▶ [WHAT IS REQUIRED]:
Look below for the line containing "Kallvikinniementie 35 b, Kallahti, Helsinki"; from there, print each line exactly up to and including the line containing "Designed for High", and stop.

▶ [ENTRIES SHOWN]:
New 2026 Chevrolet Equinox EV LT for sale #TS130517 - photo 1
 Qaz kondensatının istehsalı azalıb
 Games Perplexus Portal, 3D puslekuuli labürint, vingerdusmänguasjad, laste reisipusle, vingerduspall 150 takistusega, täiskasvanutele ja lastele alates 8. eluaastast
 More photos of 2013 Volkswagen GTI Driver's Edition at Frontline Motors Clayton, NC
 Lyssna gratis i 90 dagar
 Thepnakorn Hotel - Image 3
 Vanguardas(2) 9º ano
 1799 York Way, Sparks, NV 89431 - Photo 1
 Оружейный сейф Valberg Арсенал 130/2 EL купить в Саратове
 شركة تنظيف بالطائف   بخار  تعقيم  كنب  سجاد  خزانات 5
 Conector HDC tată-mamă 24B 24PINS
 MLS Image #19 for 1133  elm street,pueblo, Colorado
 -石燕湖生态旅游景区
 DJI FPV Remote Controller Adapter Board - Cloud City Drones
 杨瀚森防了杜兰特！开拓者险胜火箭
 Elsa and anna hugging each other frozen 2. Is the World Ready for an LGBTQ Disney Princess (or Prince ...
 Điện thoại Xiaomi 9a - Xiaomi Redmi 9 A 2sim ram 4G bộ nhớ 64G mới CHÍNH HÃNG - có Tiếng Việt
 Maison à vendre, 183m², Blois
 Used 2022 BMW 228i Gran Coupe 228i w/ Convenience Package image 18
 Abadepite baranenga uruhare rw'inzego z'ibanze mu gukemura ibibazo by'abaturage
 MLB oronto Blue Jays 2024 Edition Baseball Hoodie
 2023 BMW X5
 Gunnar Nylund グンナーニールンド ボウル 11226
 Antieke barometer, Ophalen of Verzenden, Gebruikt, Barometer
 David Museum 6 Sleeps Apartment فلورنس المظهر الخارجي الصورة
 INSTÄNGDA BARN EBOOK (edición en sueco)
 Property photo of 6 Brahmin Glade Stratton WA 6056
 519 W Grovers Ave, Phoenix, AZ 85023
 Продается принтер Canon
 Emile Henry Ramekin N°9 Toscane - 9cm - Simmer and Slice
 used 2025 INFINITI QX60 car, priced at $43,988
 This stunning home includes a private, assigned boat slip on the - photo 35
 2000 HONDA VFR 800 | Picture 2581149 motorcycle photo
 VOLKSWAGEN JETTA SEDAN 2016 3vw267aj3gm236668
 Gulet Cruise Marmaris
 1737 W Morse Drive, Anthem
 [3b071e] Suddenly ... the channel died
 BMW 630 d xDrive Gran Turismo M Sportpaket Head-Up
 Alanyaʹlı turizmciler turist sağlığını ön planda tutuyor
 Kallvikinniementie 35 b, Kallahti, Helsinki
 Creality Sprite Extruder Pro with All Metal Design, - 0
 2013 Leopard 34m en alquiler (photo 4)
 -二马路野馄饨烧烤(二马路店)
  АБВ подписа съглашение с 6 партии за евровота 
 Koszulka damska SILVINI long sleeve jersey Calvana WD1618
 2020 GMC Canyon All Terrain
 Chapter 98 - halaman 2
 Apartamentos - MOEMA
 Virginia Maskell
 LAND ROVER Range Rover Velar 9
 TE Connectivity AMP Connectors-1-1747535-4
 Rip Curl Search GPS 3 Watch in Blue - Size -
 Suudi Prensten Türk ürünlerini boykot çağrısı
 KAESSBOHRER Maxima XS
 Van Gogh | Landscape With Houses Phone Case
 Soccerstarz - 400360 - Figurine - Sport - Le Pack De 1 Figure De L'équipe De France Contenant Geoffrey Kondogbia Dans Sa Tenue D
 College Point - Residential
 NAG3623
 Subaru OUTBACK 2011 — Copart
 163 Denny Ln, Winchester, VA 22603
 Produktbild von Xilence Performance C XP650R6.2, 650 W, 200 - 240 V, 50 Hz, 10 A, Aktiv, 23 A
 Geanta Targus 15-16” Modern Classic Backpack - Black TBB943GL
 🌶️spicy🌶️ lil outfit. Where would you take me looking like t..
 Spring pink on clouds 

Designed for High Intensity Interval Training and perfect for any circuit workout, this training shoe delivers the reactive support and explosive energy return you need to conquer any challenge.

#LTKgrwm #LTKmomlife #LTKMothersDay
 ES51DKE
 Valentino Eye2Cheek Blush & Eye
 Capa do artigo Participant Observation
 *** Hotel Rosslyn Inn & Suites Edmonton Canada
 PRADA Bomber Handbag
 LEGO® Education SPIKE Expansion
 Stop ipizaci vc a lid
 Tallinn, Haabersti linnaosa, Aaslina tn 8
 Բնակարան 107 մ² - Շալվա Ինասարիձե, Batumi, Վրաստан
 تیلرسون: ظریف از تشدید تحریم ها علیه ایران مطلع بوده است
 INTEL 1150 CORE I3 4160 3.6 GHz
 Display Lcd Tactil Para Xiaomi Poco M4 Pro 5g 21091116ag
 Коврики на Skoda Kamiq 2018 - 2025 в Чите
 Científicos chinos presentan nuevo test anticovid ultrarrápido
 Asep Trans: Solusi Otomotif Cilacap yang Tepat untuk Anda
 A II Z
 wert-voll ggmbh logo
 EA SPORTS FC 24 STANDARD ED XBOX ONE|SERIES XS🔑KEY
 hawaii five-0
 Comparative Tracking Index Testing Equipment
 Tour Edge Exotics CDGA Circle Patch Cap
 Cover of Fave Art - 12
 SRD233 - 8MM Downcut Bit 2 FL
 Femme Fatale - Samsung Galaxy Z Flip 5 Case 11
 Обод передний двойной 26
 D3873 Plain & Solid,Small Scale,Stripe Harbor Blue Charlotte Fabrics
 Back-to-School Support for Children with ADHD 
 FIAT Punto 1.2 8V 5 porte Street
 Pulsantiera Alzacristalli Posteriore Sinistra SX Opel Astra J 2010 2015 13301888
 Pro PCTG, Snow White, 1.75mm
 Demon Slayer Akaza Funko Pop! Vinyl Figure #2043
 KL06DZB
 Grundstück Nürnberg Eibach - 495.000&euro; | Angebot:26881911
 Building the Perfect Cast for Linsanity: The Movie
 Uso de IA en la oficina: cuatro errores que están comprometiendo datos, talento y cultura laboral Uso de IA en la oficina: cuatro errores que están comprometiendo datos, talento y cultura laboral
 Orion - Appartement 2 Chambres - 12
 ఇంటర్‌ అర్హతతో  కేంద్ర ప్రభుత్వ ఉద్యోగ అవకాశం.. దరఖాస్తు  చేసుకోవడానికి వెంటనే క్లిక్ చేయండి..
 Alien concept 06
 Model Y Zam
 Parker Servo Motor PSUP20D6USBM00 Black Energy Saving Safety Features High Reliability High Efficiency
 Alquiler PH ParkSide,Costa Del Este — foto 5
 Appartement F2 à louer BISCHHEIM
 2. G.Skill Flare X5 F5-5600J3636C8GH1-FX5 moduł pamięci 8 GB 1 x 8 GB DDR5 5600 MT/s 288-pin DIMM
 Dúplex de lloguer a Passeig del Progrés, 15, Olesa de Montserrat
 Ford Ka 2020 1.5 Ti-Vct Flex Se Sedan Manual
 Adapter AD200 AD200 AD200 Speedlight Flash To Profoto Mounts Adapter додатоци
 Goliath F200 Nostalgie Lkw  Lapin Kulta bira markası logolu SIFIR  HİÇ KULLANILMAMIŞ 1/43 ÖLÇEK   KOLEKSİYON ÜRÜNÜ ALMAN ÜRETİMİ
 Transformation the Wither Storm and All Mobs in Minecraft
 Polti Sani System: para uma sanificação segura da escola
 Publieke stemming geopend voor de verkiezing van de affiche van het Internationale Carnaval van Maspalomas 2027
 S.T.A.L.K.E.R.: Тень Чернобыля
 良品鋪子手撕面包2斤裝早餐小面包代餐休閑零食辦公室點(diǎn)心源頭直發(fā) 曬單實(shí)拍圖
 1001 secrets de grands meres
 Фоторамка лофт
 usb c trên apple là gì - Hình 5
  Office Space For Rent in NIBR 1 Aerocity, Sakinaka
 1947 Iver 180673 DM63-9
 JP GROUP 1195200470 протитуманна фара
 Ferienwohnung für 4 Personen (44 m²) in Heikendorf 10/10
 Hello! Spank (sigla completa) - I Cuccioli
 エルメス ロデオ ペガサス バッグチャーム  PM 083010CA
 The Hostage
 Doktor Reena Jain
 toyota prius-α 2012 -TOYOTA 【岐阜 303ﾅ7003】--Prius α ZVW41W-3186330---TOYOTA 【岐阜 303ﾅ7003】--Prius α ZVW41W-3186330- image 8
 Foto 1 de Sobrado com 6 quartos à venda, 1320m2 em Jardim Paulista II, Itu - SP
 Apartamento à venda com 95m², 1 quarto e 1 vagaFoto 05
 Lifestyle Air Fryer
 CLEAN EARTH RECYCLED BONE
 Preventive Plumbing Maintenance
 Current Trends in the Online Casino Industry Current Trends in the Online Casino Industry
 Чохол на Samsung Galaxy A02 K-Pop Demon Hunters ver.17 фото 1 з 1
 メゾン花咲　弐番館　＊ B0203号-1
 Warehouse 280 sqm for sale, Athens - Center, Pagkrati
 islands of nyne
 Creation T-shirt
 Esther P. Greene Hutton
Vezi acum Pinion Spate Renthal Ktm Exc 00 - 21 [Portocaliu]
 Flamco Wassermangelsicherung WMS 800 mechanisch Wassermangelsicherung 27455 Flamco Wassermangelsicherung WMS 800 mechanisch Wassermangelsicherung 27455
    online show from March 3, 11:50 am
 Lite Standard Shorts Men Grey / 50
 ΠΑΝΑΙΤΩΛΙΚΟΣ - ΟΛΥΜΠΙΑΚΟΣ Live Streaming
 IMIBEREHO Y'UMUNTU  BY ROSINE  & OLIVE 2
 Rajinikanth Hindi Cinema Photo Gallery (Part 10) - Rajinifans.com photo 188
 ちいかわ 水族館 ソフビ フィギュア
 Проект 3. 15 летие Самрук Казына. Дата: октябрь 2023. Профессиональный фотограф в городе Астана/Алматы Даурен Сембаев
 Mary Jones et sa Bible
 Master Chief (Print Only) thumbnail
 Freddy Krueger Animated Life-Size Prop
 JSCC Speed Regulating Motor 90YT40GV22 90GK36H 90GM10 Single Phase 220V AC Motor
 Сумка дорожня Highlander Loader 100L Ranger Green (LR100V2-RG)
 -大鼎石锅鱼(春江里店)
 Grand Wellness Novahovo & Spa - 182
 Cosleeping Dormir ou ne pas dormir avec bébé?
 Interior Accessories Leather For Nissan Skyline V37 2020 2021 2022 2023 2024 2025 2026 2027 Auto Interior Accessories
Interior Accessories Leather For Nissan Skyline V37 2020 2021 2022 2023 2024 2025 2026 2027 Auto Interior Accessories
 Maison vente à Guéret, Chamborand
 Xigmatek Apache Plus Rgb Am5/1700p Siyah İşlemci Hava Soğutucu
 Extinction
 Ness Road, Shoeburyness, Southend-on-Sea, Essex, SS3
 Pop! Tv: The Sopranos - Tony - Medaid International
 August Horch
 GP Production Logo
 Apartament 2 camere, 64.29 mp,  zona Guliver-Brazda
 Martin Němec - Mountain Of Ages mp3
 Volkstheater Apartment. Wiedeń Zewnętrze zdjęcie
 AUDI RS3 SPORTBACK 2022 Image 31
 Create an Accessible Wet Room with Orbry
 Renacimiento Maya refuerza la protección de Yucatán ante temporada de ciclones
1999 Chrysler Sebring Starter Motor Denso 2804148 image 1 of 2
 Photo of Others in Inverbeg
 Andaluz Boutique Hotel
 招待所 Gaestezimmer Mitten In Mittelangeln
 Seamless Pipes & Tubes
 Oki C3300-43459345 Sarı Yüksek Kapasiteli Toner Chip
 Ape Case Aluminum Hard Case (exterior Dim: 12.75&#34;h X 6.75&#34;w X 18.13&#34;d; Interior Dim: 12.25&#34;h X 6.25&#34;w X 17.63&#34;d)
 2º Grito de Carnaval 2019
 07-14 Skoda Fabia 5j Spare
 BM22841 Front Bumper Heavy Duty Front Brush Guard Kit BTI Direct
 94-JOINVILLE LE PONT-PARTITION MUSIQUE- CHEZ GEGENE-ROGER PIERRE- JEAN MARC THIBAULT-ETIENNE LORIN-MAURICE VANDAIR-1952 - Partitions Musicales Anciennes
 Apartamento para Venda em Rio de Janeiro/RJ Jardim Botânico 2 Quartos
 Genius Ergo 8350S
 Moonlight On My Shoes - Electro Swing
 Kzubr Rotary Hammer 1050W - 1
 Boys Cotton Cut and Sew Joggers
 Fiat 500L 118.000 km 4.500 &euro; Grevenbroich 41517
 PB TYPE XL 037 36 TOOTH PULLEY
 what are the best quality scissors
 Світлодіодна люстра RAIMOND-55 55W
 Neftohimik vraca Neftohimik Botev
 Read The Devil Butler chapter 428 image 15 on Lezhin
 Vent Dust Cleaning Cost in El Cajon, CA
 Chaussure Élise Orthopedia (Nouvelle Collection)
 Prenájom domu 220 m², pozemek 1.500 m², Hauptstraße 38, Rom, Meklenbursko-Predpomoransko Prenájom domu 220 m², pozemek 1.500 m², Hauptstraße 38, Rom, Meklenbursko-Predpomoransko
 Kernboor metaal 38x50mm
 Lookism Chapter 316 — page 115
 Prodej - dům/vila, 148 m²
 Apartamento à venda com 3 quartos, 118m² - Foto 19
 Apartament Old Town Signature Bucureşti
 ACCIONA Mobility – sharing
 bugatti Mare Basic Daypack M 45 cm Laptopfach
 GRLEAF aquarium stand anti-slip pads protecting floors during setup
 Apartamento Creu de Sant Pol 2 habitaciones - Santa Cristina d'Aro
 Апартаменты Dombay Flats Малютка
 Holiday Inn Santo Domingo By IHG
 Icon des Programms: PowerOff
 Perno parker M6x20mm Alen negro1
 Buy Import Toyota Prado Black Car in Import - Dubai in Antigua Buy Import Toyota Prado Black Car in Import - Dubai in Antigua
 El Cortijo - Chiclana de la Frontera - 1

▶ [OUTPUT FOR THIS TASK]:
 Kallvikinniementie 35 b, Kallahti, Helsinki
 Creality Sprite Extruder Pro with All Metal Design, - 0
 2013 Leopard 34m en alquiler (photo 4)
 -二马路野馄饨烧烤(二马路店)
  АБВ подписа съглашение с 6 партии за евровота 
 Koszulka damska SILVINI long sleeve jersey Calvana WD1618
 2020 GMC Canyon All Terrain
 Chapter 98 - halaman 2
 Apartamentos - MOEMA
 Virginia Maskell
 LAND ROVER Range Rover Velar 9
 TE Connectivity AMP Connectors-1-1747535-4
 Rip Curl Search GPS 3 Watch in Blue - Size -
 Suudi Prensten Türk ürünlerini boykot çağrısı
 KAESSBOHRER Maxima XS
 Van Gogh | Landscape With Houses Phone Case
 Soccerstarz - 400360 - Figurine - Sport - Le Pack De 1 Figure De L'équipe De France Contenant Geoffrey Kondogbia Dans Sa Tenue D
 College Point - Residential
 NAG3623
 Subaru OUTBACK 2011 — Copart
 163 Denny Ln, Winchester, VA 22603
 Produktbild von Xilence Performance C XP650R6.2, 650 W, 200 - 240 V, 50 Hz, 10 A, Aktiv, 23 A
 Geanta Targus 15-16” Modern Classic Backpack - Black TBB943GL
 🌶️spicy🌶️ lil outfit. Where would you take me looking like t..
 Spring pink on clouds 

Designed for High Intensity Interval Training and perfect for any circuit workout, this training shoe delivers the reactive support and explosive energy return you need to conquer any challenge.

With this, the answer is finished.